Over in Setia Alam, Shah Alam, one of Malaysia's largest developers, SP Setia Bhd, launched double storey cluster housing (30 ft by 55 ft) last Saturday, priced from RM568,000. A ballot was organised for the 116 units. Over in Klang, IOI Properties sold about half of its 128 units of freehold two-storey terrace houses in Bandar Puteri, Klang priced from RM468,800. This project was launched in April. The unsold ones are located close to the highway or junctions. Over in Desa ParkCity, despite a price tag of RM2.8mil, The Mansions by Perdana ParkCity Sdn Bhd proved to be highly popular. A ballot was also organised for this.

Although they were sold as terraced link houses, they were not of the same category as those launched in Sg Buloh and Shah Alam, as the ParkCity offerings have built-ups averaging from 5,000 to 6,000 sq ft. They have the space of semi-detached houses although they were sold as linked terrace housing located in a niche housing development.

A single feature linked all the above four launches; they are landed units and other than the Klang project, they were all sold in a jiffy, despite the high price tag and the fact that some of these properties are located in Sg Buloh.

When it comes to the sale of landed units, the strategy taken by developers today is different from that used several years ago.

Today, a small number of units are released, which gives the developer the opportunity to increase prices if the demand is good. Gone are the days when developers of townships launch 800 units of landed houses at one go with a single price structure.

KL Kepong's Bandar Seri Coalfields is a township of about 1,000 acres. This will take years to complete. SP Setia's Setia Alam is also a township of considerable size.

Over at ParkCity, at less than 500 acres, it is not a township but a small community that will have a population of about 7,000 in the future. However, other than using a different strategy in order to have better profit margins on the part of developer, there is also the need to look at quality as cost of construction increases. Buyers will have to look out for that.

There are a lot of things which house buyers do not see when they view a dressed-up' show unit.

These include the wiring, plumbing and what's inside the plastered walls. Because of the buoyant demand today, there is the temptation to cut corners on the part of the developers as they go for better profit margins. However, there are also developers, who, having made their name and created a brand, will provide quality, which they charge buyers for and this is fair.

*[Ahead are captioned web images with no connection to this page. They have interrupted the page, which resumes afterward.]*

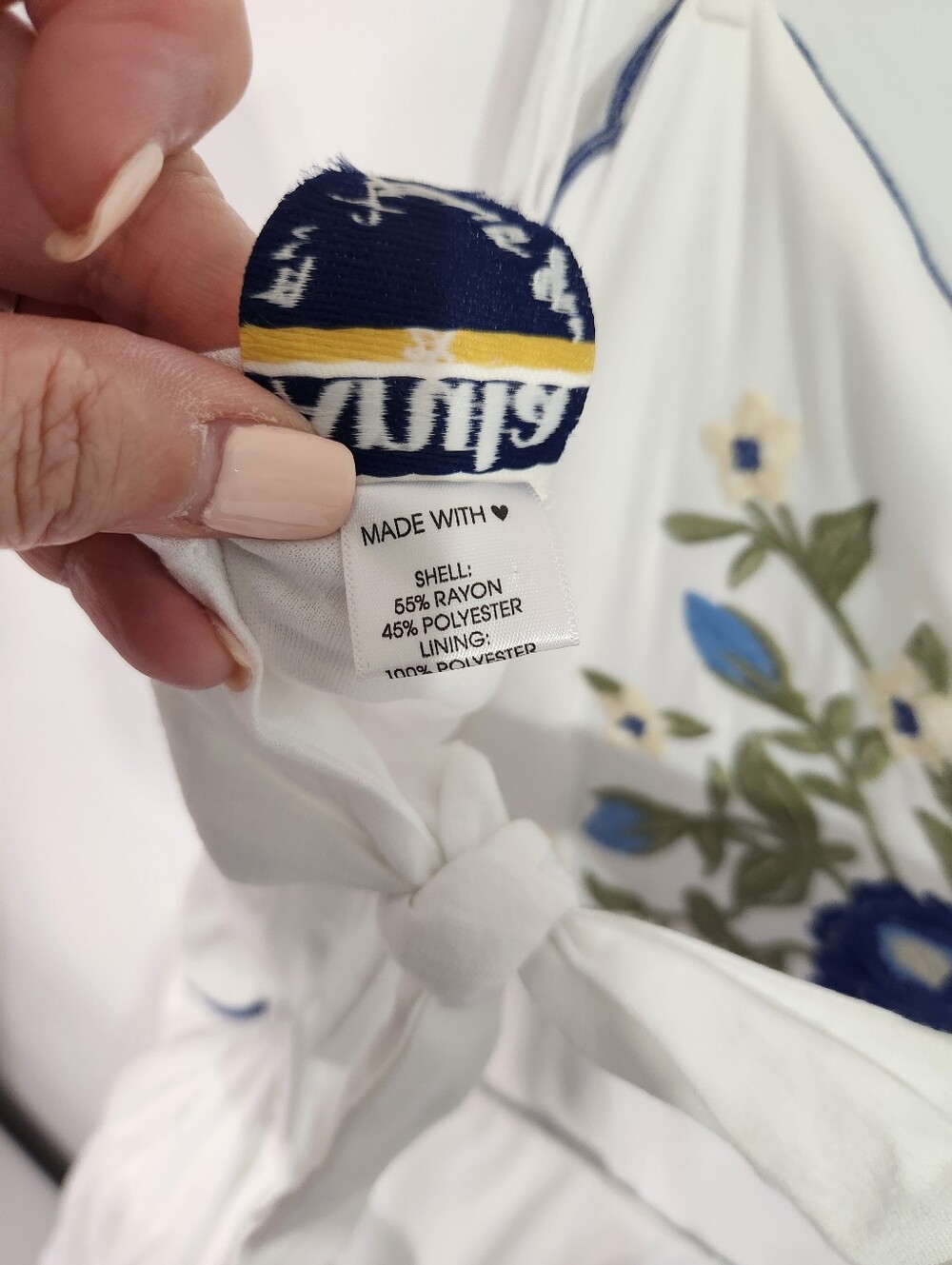 ARULA White Sundress with Blue and Green Floral Embroidery, Size 2x - Picture 4 of 11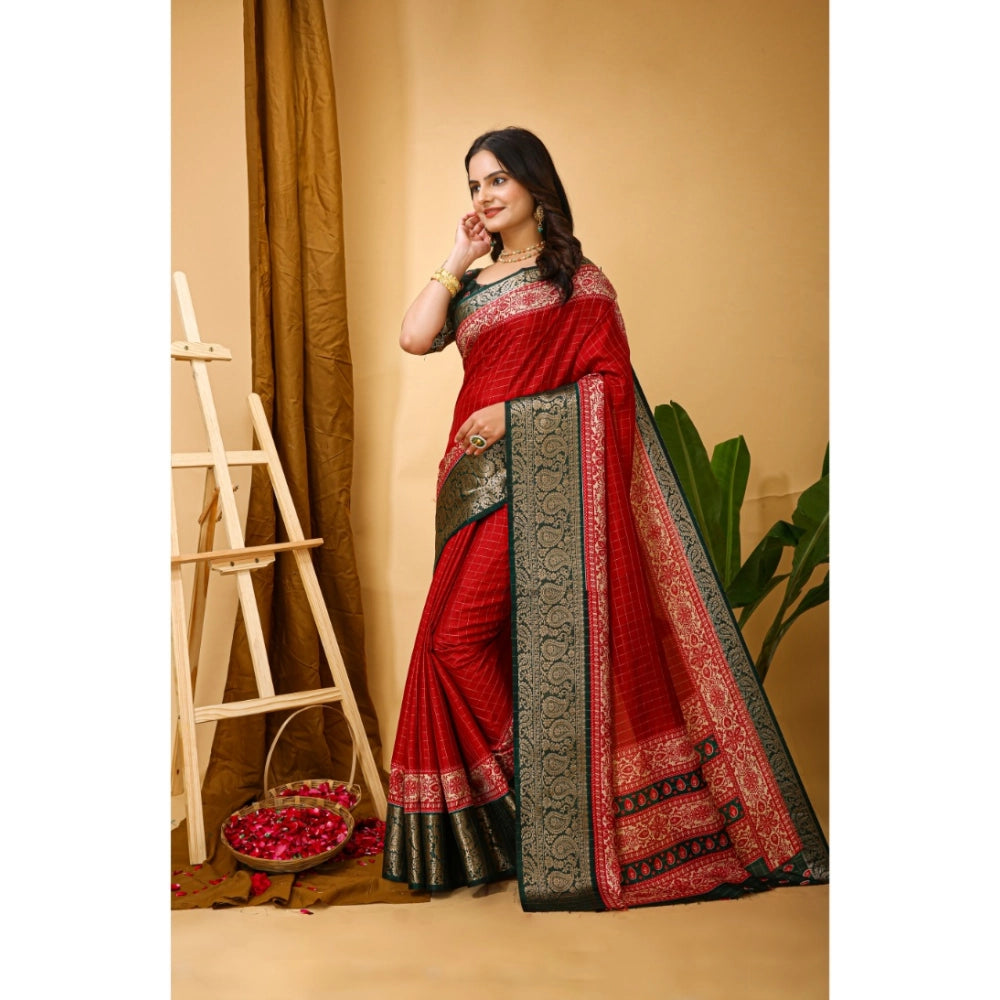 Generic Women's Soft Dola Cotton Kalamkari Printed Saree With Unstitched Blouse 5.5Mtr (Red)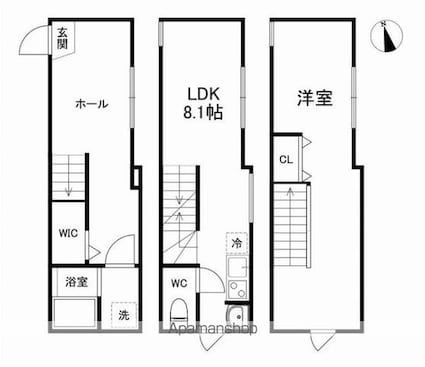 Ｇａｒｄｅｎ　Ｃｏｕｒｔ四つ木[2LDK/51.57m2]の間取図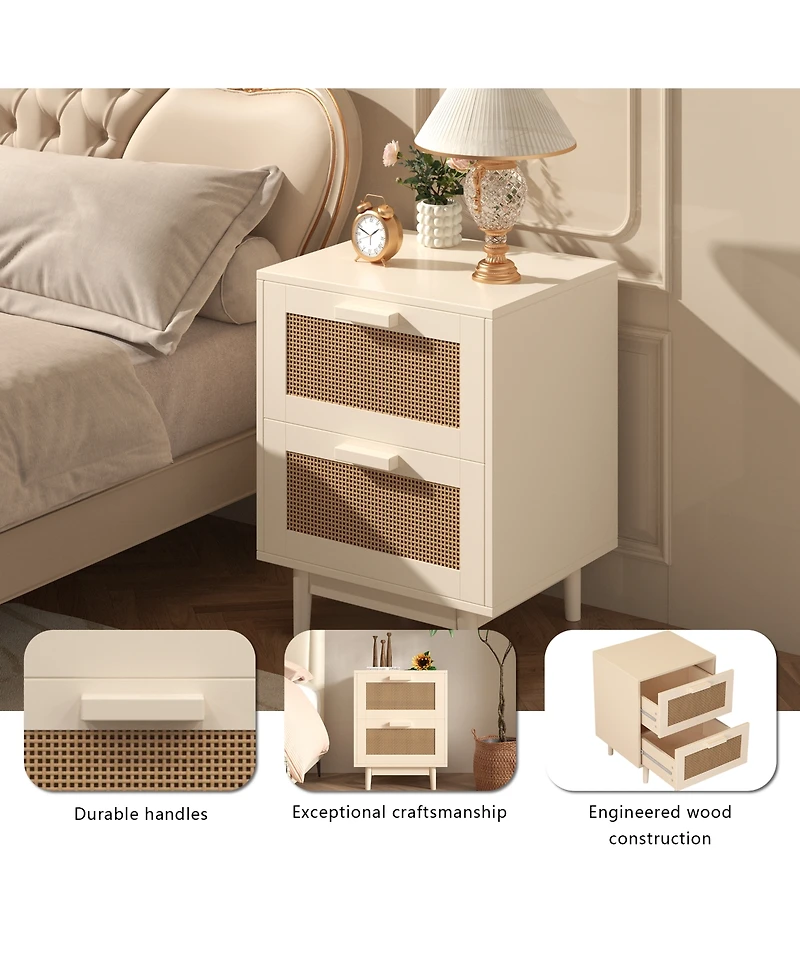 Rainsken Rattan Nightstand with 2 Faux Rattan Drawers, Wood Storage End Table Bedside Table for Living Room, Bedroom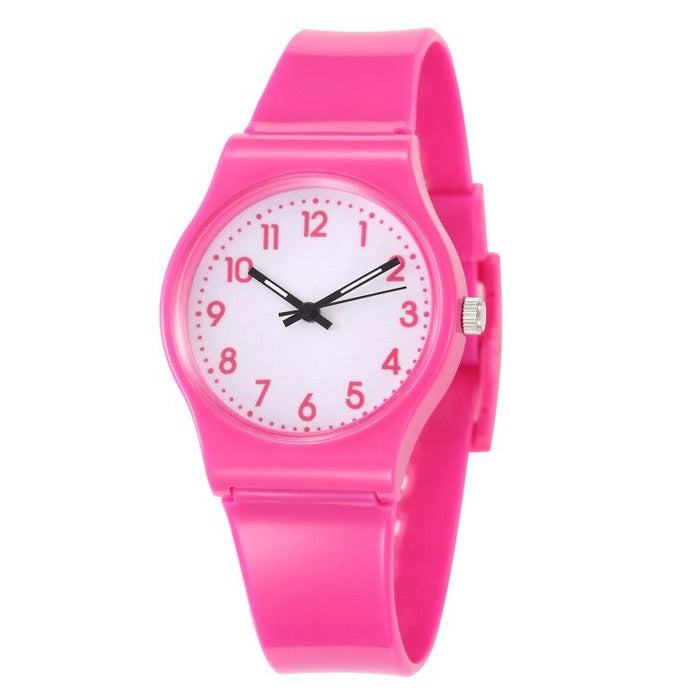 Analog Girl's Watch with Pink Silicone Strap and White Dial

From a consumer's point of view, it is better to be charged for a product or service of quality, than to have to pay for the lack of it later.

Once the price for landed units goes beyond the means of most, buyers will then consider high rise condominium units. Already, we are seeing quite a few very high end, high rise condominiums being promoted today. In Taman Tun Dr Ismail, Kuala Lumpur, a project will be launched soon, where a 1,500 sq ft box in the sky is expected to cost RM1.9mil; fully-furnished right down to the built-in microwave.

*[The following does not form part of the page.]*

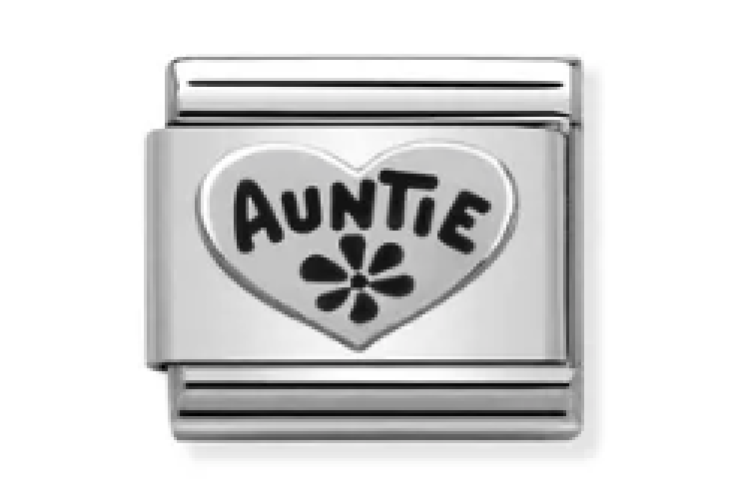 Silver Auntie Heart Link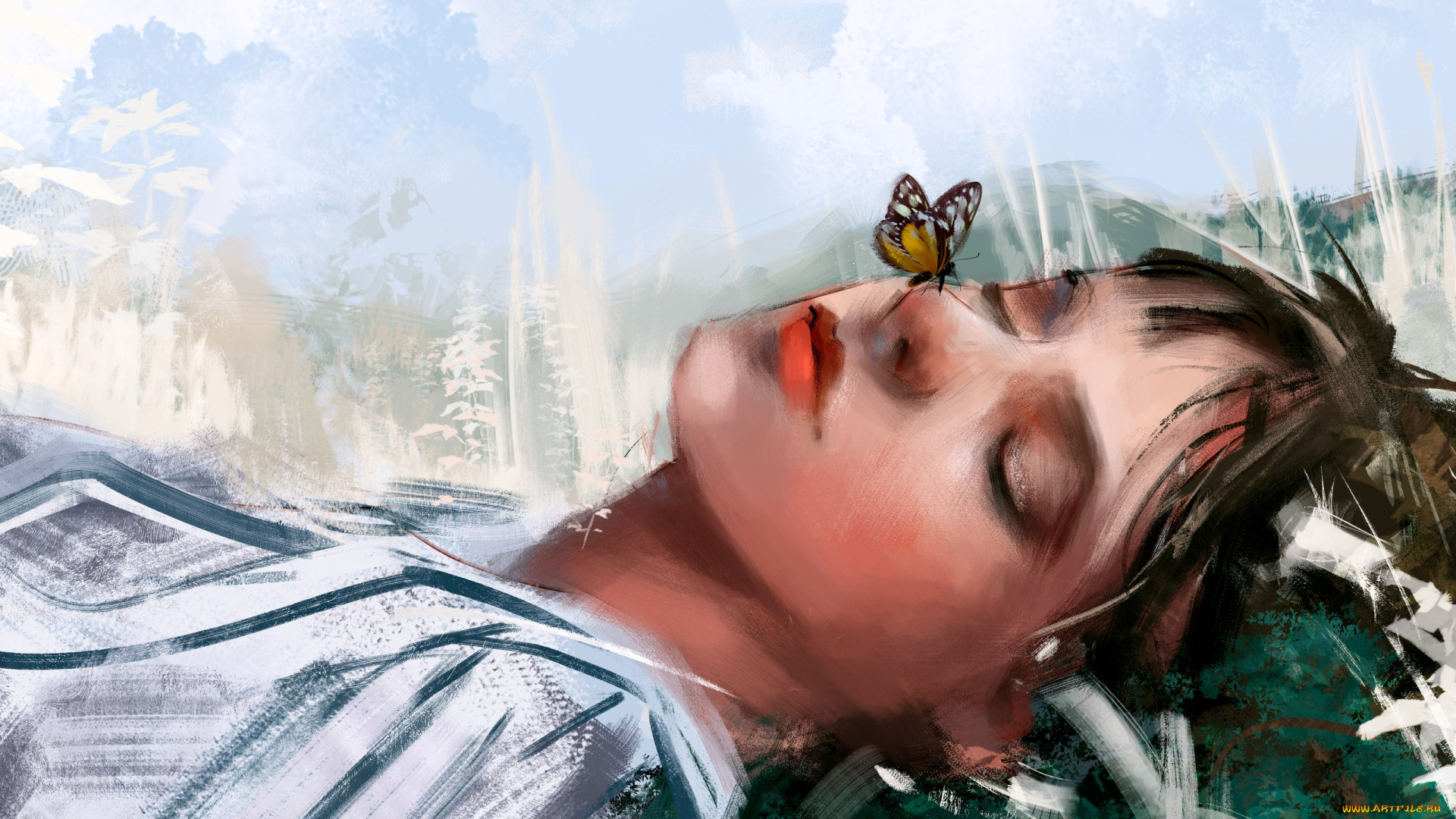 рисованное, люди, девушка, панда, panda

While all of us have seen the prices of landed units surge in the last 18 months, the time may have come for us to see prices go up for high rise condominium projects too.

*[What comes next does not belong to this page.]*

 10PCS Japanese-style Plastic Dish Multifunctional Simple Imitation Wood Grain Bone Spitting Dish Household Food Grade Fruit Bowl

A condominium project, with units averaging 2000 sq ft in Segambut Dalam, with high-tension cables splicing across half of the project and the NKVE at one end, were quicky sold at a price averaging half a million ringgit. The finishing and the sanitary and plumbing system were not of a high quality either and little can be said about the location.

Just because of the sharp demand for properties and as landed units in the Klang Valley become scarce, it is hoped that the quality of construction and materials used will not be compromised, both for landed and high rise residencies; especially, when the residency comes in a box in the sky.

Assistant news editor Thean Lee Cheng believes that quality workmanship and after-sales service are crucial if the property sector is to set new benchmarks.